## INFORMATION SUPPLIED
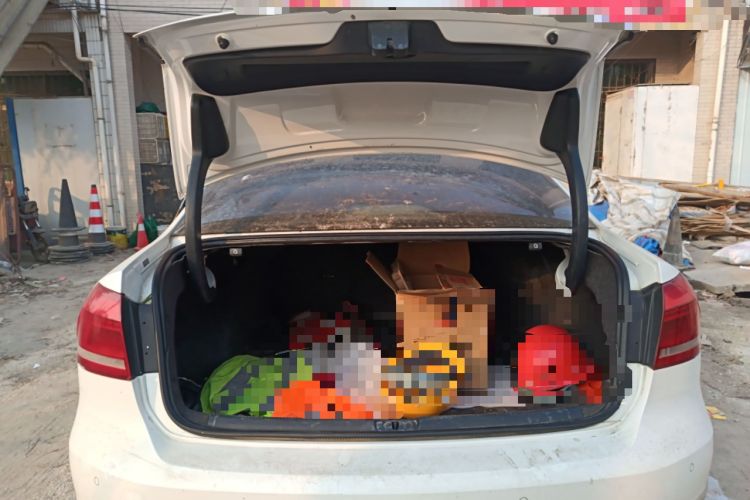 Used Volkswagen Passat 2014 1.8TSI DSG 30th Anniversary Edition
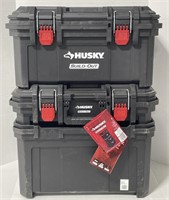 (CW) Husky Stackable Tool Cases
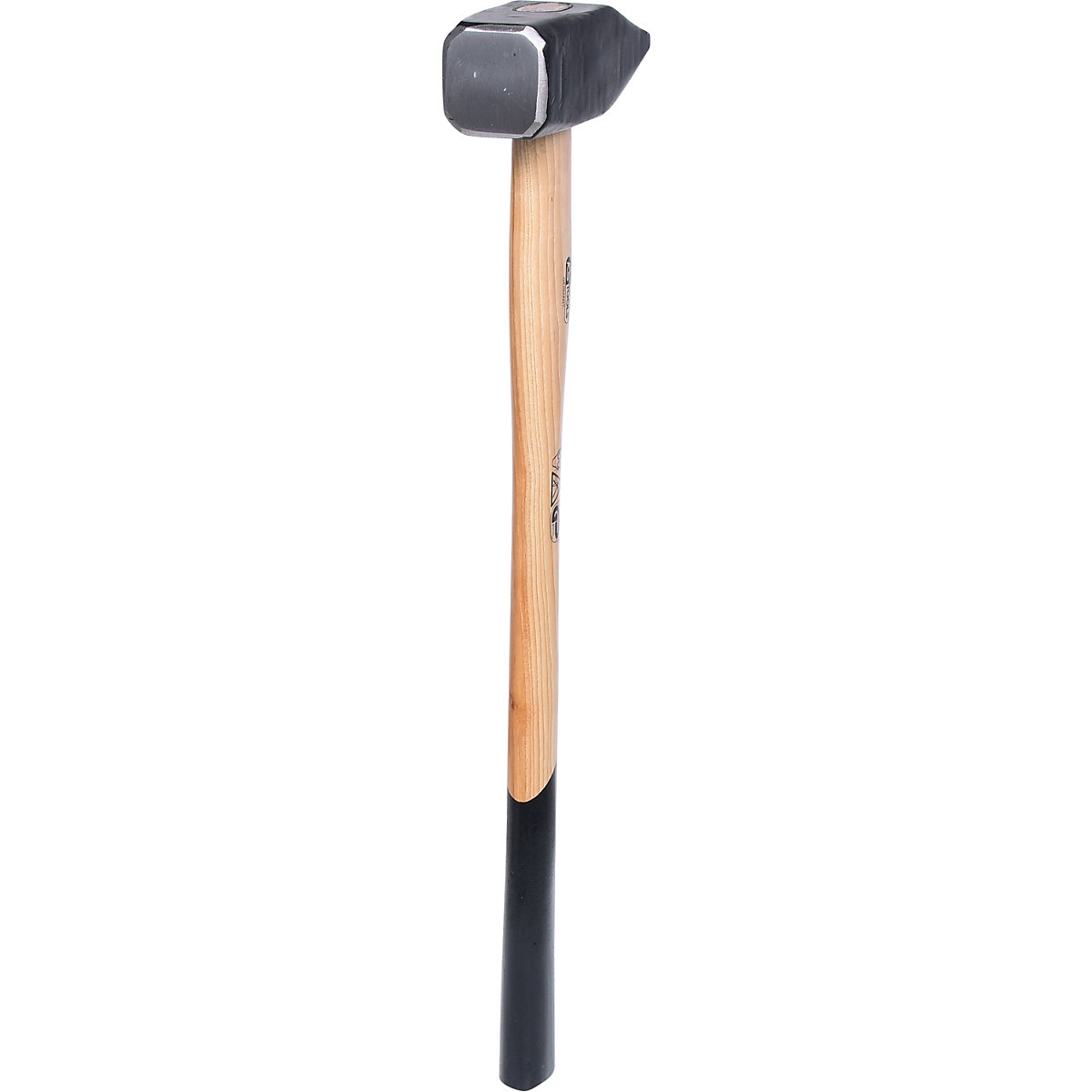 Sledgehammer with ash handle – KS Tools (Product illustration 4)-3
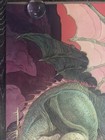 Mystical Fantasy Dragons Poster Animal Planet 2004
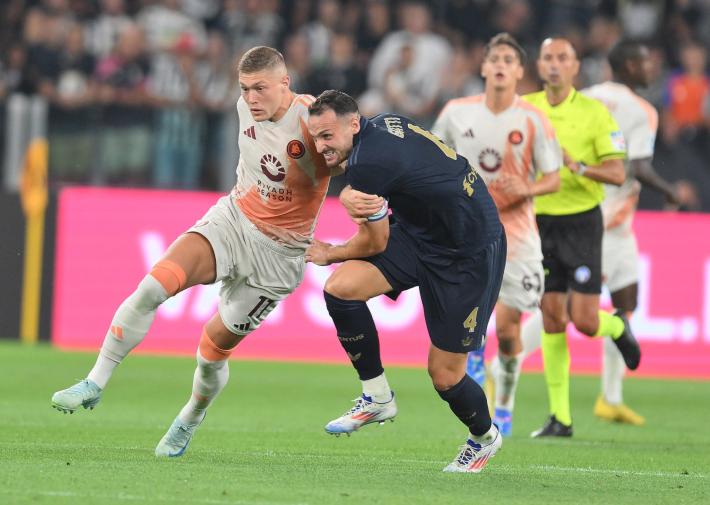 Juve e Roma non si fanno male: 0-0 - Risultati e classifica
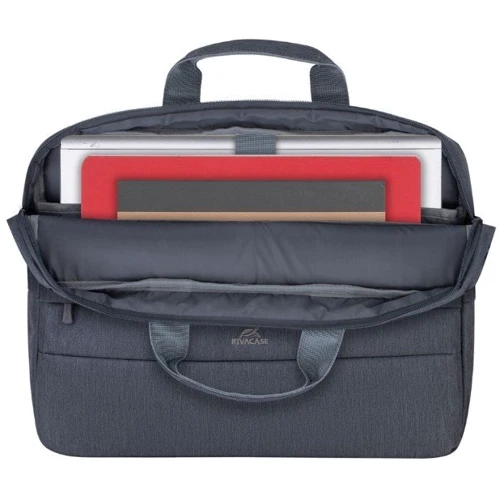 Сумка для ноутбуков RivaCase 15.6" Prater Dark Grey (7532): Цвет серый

==

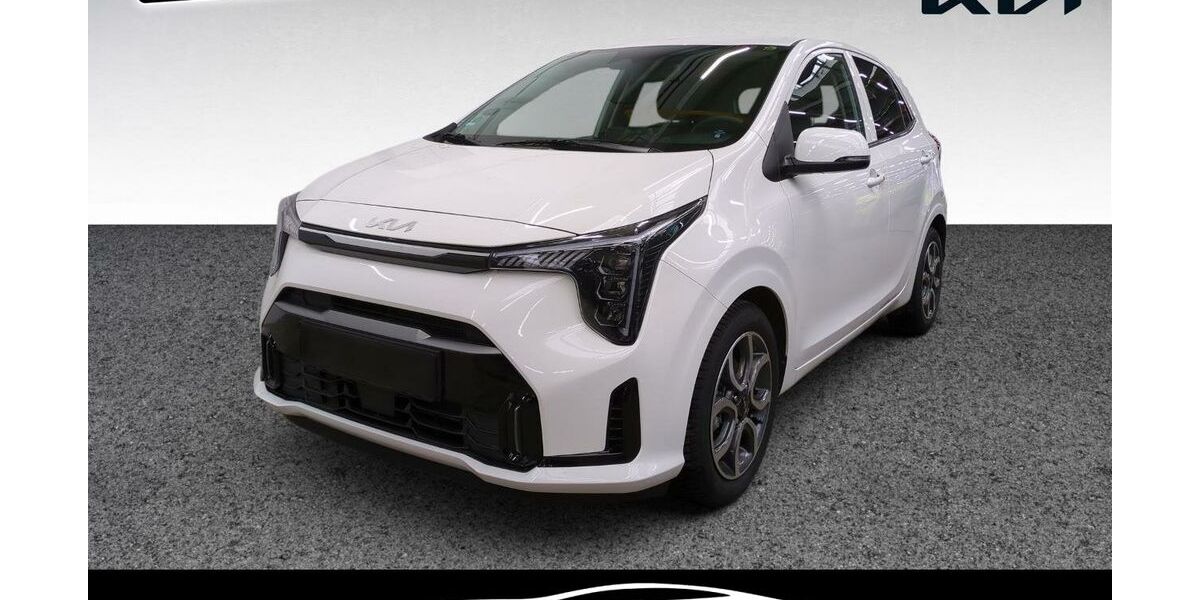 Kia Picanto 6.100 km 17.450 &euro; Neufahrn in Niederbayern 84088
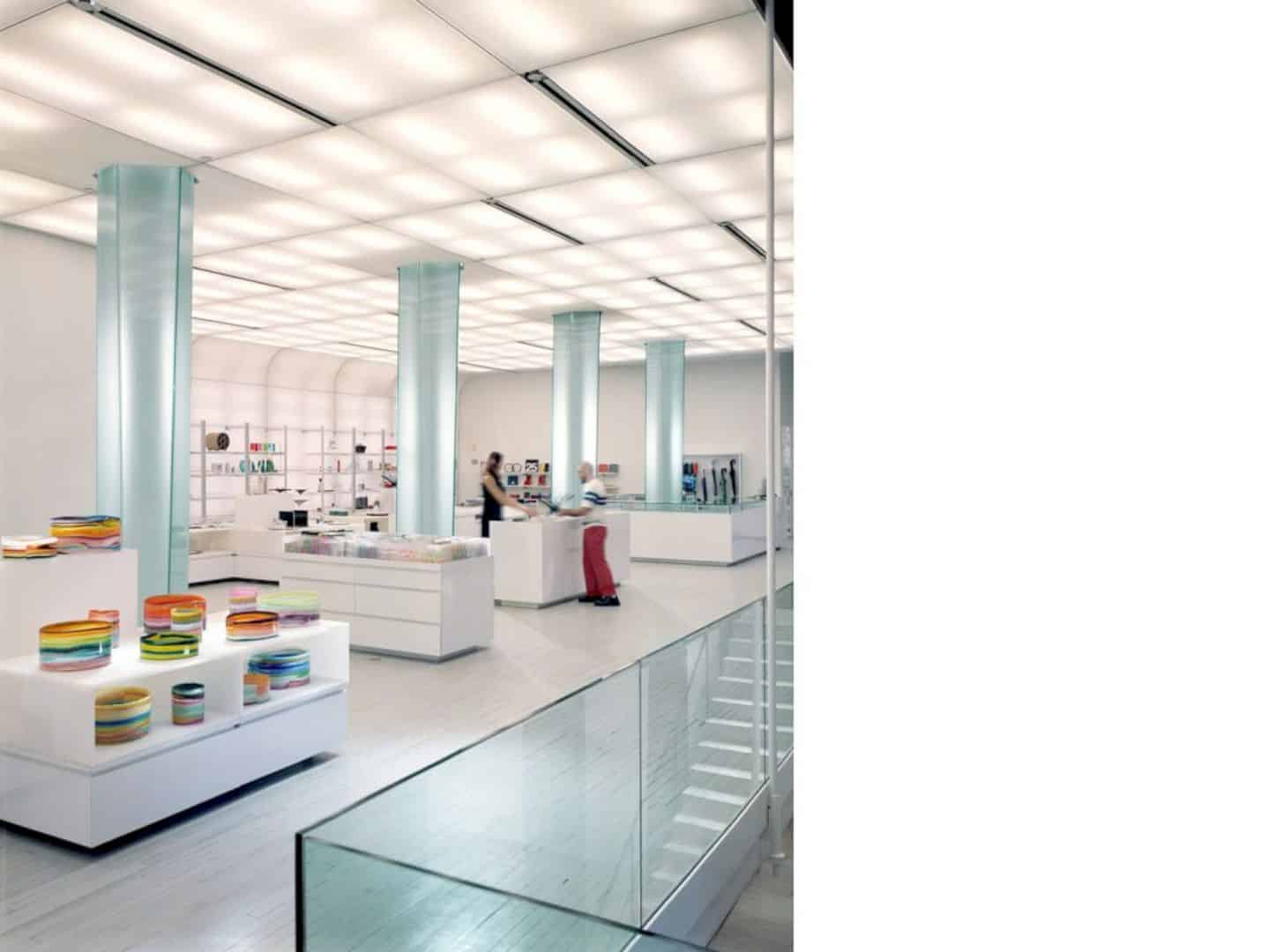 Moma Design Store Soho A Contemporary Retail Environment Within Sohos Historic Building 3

## DIRECTIONS FOR THIS TASK
Find the line with "Mystical Fantasy Dragons" in the entries above. Set down exactly every line from it up to and including the line with "Сумка для ноутбуков", images excluded.

## ANSWER SECTION
 Mystical Fantasy Dragons Poster Animal Planet 2004
 Juve e Roma non si fanno male: 0-0 - Risultati e classifica
 Сумка для ноутбуков RivaCase 15.6" Prater Dark Grey (7532): Цвет серый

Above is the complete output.